Said Matemba: “Upon being asked about the criminal case where he is being prosecuted by the ACB, Mr. Mussa took time to insult officers of the ACB and discredited ACB’s competence for, according to him, arresting and prosecuting him when he is ‘innocent’.
“We wish to remind Mr. Mussa that employees of the ACB are public officers who, despite facing a number operational and other challenges, strive to be professional in discharging their duties.”
He said it was unfortunate that Mussa has taken his arrest personal.
Matemba said officers of the ACB, despite investigating, arresting and now prosecuting him, have nothing personal against Mussa other than fulfilling their law enforcement mandate as provided for under the Corrupt Practices Act.
He said ACB will not be intimidated or influenced by his media outbursts or utterances, promising to ensure that the case in which Mussa and four others are answering charges of corruption is prosecuted to its logical conclusion.
During the radio interview, Mussa said he had now realised that ACB has incompetent officers with no qualifications to undertake investigations.
He said: “There are problems at ACB. The chief investigator hasn’t been trained to be an investigator, he was a teacher at police and was taken when ACB started to help with investigations.
“There are problems at ACB. They go and arrest a person when they haven’t finalised investigating.”
When contacted on Monday for his comment on the ACB warning, Mussa said he was yet to see the communication; hence, would not comment.
The High Court of Malawi on October 21 this year found Mussa and four others with a case to answer in the alleged abuse of office, neglect of official duties and giving false information. The court has since set November 25 to 27 as dates when it will start hearing the case.
The court ruling came after the US Secretary of State Michael Pompeo on July 3 this year barred Mussa and his family from travelling to the USA due to what it termed “involvement in significant corruption”.
Reads the statement from the US Government: “The Secretary of State is designating Mr. Uladi Basikolo Mussa, the current Malawian special adviser [to the President] on parliamentary affairs and former Malawian minister of Home Affairs, due to his involvement in significant corruption.”
Mussa became the first Malawian official to be designated publicly under Section 7031(c) by the US Government, according to the US Embassy.
Subsequently, Mussa, who has maintained he was innocent until proven guilty by a court of law, resigned as special adviser on August 8 2019 through a letter to the Chief Secretary in the Office of the President and Cabinet (OPC).
He made the decision days before his appearance in court for a case in which the State is accusing him of misconduct on the issuance of Malawi citizenship to 50 foreigners when he served as minister of Home Affairs and Internal Security in the Joyce Banda administration between April 2012 and May 2014.
In an earlier statement, ACB said the institution received a complaint on September 25 2015 alleging that on May 14 2014, the Immigration Department granted Malawi citizenship to Rwandan nationals using a file belonging to another foreign national.
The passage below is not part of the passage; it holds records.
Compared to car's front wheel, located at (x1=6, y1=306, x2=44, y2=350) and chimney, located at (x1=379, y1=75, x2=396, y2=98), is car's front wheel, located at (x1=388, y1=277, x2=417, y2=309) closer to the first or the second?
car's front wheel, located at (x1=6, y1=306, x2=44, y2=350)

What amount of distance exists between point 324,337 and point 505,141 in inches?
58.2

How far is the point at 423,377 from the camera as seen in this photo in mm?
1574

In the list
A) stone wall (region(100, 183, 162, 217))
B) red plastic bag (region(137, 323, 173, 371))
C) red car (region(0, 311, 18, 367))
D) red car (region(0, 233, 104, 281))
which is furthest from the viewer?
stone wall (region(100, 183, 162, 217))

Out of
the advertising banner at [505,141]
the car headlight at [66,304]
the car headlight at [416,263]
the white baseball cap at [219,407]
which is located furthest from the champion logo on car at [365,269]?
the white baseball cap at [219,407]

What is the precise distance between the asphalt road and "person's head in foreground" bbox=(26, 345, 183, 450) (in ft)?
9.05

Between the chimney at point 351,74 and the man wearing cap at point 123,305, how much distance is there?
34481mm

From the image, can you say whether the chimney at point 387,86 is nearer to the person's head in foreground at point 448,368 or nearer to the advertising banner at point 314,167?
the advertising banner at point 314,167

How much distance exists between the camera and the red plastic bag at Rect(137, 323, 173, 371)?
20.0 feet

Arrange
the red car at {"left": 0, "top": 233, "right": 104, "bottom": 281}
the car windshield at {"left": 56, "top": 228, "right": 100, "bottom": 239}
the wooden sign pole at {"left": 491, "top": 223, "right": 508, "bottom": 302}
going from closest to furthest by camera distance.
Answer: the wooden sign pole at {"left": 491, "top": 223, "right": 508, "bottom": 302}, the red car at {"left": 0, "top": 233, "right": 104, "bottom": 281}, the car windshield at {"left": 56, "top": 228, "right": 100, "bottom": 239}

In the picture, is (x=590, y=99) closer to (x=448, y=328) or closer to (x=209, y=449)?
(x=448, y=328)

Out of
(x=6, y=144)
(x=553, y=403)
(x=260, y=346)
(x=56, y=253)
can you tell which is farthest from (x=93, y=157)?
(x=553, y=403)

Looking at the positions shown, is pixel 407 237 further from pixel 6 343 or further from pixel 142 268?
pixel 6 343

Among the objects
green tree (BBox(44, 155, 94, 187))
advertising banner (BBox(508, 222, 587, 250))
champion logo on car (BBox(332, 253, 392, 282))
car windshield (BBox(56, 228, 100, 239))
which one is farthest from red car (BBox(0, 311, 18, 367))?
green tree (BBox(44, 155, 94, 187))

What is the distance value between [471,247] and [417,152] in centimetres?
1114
The ACB said its investigations established that citizenships were granted to ineligible people.
The findings led to the arrest of Peter Katasha (Malawian national) on February 28 2017 for allegedly presenting false information that he was related to some foreign nationals who were applying for Malawi citizenship. He was charged with uttering a false document contrary to Section 121 and Section 360 of the Penal Code.
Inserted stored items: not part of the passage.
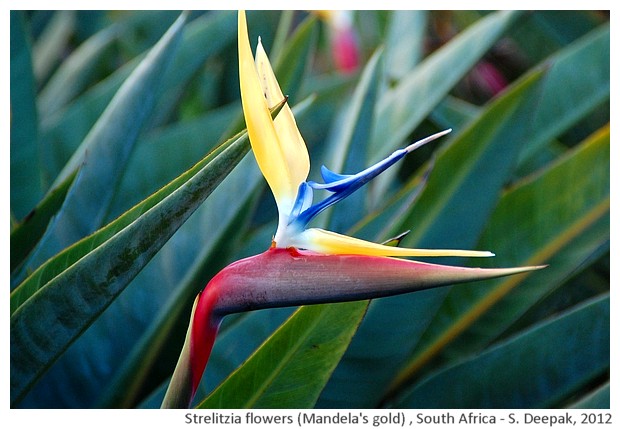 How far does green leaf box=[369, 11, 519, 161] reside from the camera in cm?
81

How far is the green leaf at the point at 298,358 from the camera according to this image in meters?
0.55

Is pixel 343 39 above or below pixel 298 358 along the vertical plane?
above

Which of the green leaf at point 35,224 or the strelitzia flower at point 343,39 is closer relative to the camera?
the green leaf at point 35,224

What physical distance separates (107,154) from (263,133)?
253 millimetres

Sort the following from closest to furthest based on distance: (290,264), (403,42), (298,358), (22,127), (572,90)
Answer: (290,264) < (298,358) < (22,127) < (572,90) < (403,42)

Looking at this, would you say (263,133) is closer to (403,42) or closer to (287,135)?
(287,135)

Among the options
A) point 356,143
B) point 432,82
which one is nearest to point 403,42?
point 432,82

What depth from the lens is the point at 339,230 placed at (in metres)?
0.70

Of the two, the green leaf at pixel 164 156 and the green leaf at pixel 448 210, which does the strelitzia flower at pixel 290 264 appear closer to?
the green leaf at pixel 448 210

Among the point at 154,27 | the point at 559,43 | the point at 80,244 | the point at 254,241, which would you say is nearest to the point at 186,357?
the point at 80,244

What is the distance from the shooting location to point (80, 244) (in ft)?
1.68

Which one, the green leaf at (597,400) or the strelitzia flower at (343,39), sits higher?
the strelitzia flower at (343,39)

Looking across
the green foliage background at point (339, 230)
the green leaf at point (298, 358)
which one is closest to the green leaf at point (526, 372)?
the green foliage background at point (339, 230)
Reads the statement: “On 6th March 2017, ACB arrested Uladi Mussa, former Minister of Home Affairs and Internal Security and Mr. David H. Kwanjana [former Senior assistant chief Immigrations officer now regional Immigration officer Centre] and charged them with one count of neglect of official duties contrary to Section 121 of the Penal Code and misuse of public office contrary to Section 25B (1) of the Corrupt Practices Act.” ACB also arrested Pascal Rwasa, a Burundian national, for presenting false information that he was related to another foreign national who was applying for Malawi citizenship and also Esili Kubwimana, a Rwanda national, for giving false information to Immigration officers.